July 14, 2007

Scouting Rainier Southeast

I started the day by heading to the newly opened Stevens Canyon Road at Mount Rainier, to see what kind of flood damage remained. Surprisingly, the only noticeable washout was in one place along the eastern edge of the valley where part of the road had slumped down hill, now protected by a wall of barriers and a stop sign for the one lane road.

I stopped at Box Canyon to use the restroom and on a whim decided to jump the low fence to check out the view downstream from an exposed granite outcropping, hoping it to be better than from the official viewpoint. It was a nice overlook for the debris slope leading down to the river and the forest beyond, but nothing of the river itself. I could see what looked like a relatively easy path down the talus closer to the river and decided to try it. It was precarious in parts, and I am far from surefooted, but I eventually made it down the slope to the river edge itself.
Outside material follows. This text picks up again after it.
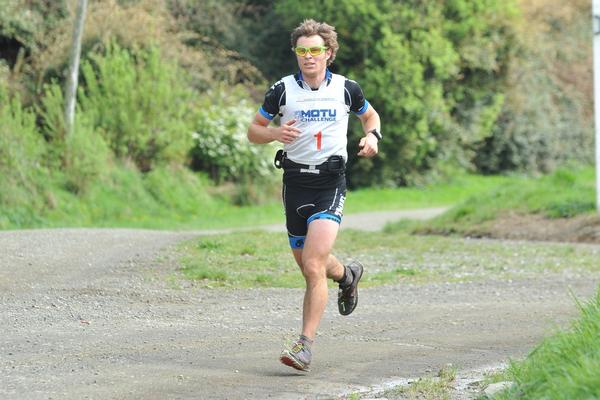 Sam Clark on the run at the Horizon Motu Challenge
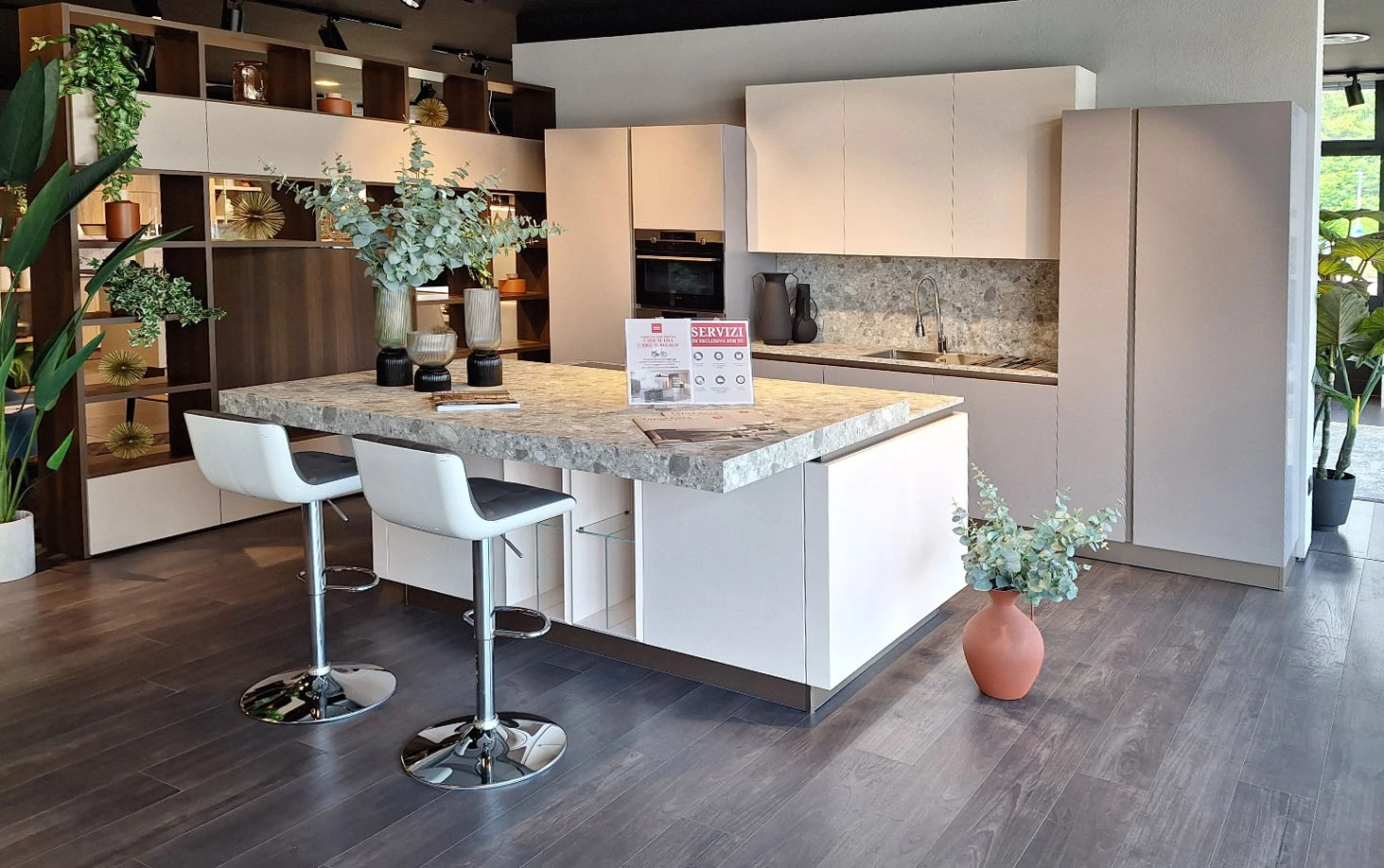 Cucina ORIGINA con gola – OFFERTA OUTLET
There was a mass of whitened driftwood logs from the floods at a bend in the river, and the sandy shore was volcanic gray. Climbing over the mass of logs onto the boulders jutting from the river, I found the view I had always speculated about -- the view up the narrow canyon from the river. While it was nice, it wasn't the view I had imagined, but still I kicked myself for not bringing my camera and at least documenting the view. The climb back up to the parking lot was much harder than it looked, particularly in the hot sun without having eaten lunch, and I had to stop to rest several times.

In the bright midday sun, I decided to head out of the park and scout for views of Rainier from the southeast. I ended up across US-12 south of Packwood, in the FS-46 road network on the side of Coal Creek Bluff. There were some decent views from clearings on the switchbacks up FS-4612, even if they were rather far away, but clouds were now blanketing the mountain enough that I couldn't quite place it on the horizon. I tried to do some impromptu creek hunting along FS-410 along Coal Creek despite the sun, but the road abruptly washed out at the first major tributary. Another victim of the floods.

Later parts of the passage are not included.